Activity: Show each line from the listing that includes the word "cats".

Records shown:
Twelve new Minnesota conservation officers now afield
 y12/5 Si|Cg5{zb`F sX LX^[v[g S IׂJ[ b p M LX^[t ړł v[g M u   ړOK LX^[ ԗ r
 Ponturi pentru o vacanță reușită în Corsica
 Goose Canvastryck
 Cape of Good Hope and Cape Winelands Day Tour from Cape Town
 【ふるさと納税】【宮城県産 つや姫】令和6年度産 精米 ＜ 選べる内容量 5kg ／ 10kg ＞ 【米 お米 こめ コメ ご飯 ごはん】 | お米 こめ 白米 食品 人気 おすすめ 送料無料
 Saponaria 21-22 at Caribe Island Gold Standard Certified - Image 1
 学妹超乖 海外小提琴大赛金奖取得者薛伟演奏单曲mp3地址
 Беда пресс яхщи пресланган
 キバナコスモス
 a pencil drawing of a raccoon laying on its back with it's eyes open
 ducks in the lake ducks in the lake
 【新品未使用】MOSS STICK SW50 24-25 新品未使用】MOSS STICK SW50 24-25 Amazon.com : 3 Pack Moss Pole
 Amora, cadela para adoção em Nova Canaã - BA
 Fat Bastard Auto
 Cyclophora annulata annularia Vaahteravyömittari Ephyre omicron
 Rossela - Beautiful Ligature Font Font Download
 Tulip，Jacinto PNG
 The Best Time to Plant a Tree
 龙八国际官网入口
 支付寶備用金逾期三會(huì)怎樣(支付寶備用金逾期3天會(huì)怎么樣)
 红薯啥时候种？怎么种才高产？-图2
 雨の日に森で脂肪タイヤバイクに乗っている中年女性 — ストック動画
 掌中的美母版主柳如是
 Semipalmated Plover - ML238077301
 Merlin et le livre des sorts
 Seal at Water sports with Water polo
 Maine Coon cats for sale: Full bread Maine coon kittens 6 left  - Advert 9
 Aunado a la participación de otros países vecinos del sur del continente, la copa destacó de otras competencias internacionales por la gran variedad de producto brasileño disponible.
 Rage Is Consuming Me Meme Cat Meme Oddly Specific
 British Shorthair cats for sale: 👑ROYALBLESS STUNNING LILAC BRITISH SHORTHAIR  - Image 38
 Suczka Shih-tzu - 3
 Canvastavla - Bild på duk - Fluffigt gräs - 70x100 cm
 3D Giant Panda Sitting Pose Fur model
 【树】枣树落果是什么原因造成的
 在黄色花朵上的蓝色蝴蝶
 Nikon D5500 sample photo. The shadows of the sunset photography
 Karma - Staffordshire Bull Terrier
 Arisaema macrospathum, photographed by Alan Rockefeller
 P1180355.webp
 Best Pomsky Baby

Solution to the problem:
 Maine Coon cats for sale: Full bread Maine coon kittens 6 left  - Advert 9
 British Shorthair cats for sale: 👑ROYALBLESS STUNNING LILAC BRITISH SHORTHAIR  - Image 38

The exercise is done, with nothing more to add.